TASK PROMPT: In the material below, find the line with "Bubu Keychain BDSM Teddy Bear with Chains" and the line with "[10820]3000우유팩스퀴시[A-1]". Output exactly those two lines and all lines between them, leaving out pictures.

INPUT MATERIAL Block Start

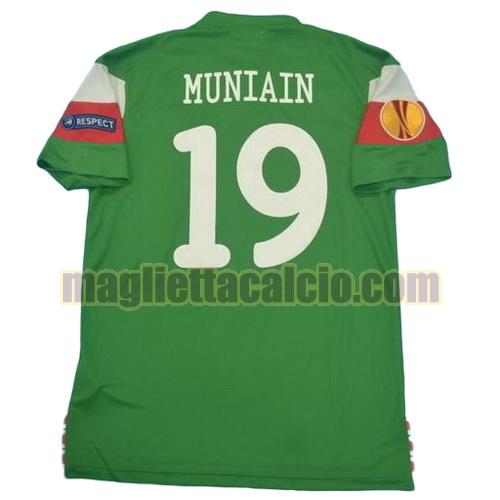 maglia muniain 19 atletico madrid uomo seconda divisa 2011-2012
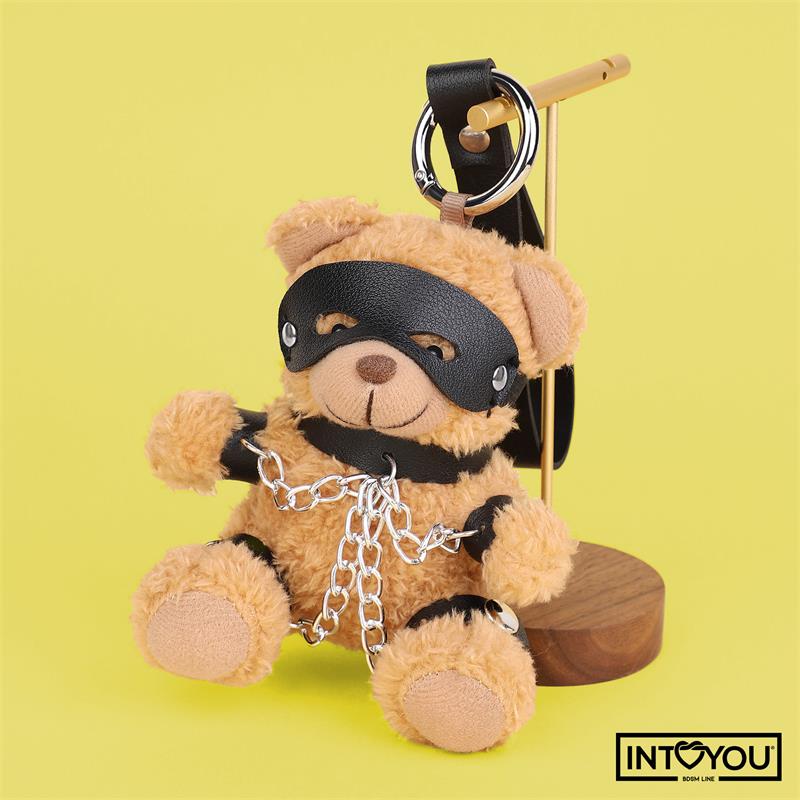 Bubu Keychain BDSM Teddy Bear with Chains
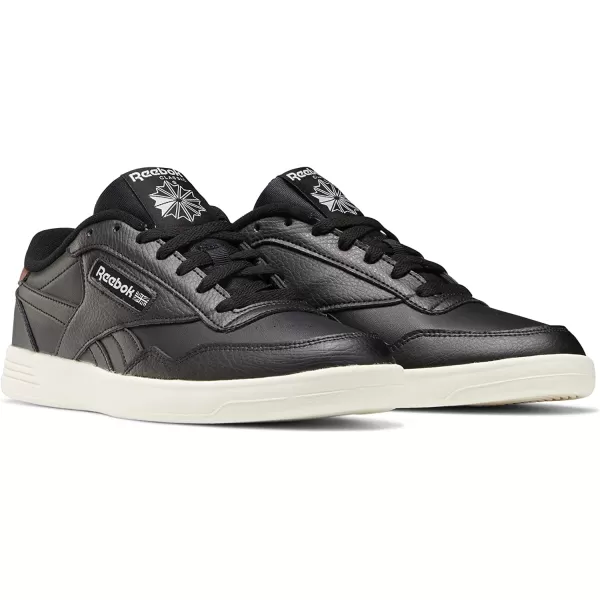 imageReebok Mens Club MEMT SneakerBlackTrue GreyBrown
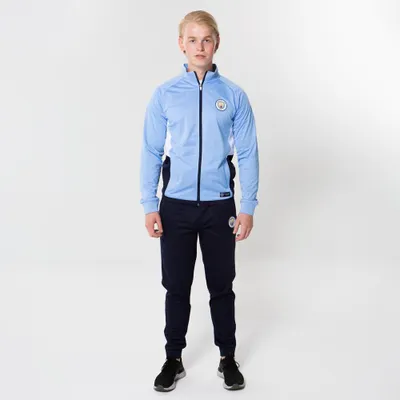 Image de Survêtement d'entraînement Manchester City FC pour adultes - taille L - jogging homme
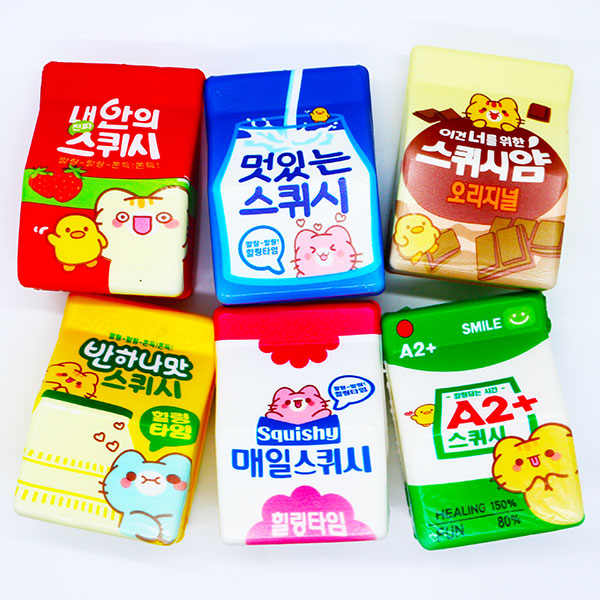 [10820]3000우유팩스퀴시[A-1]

INPUT MATERIAL Block End
INPUT MATERIAL Block Start

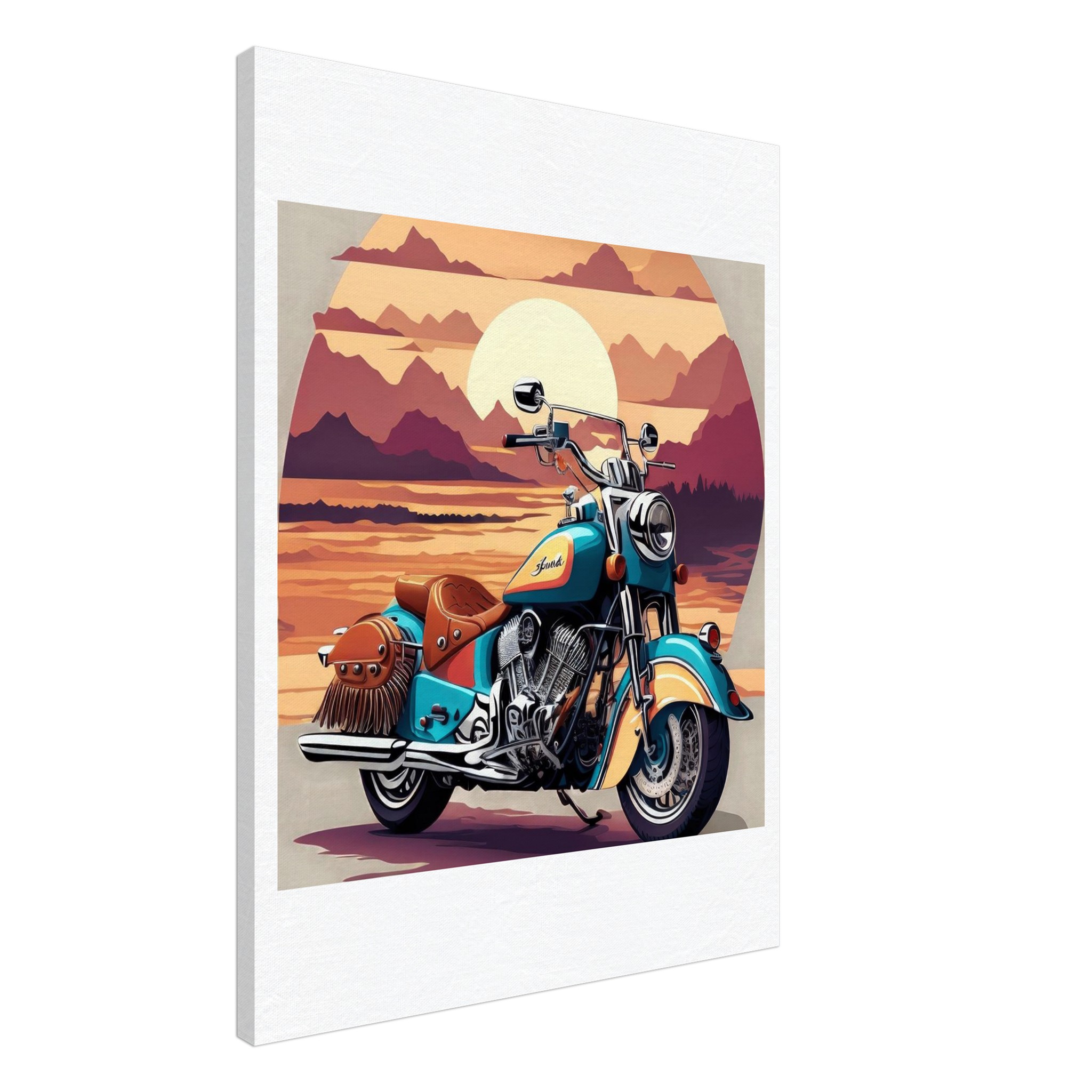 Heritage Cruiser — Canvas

INPUT MATERIAL Block End

FINAL ANSWER:
 Bubu Keychain BDSM Teddy Bear with Chains
 imageReebok Mens Club MEMT SneakerBlackTrue GreyBrown
 Image de Survêtement d'entraînement Manchester City FC pour adultes - taille L - jogging homme
 [10820]3000우유팩스퀴시[A-1]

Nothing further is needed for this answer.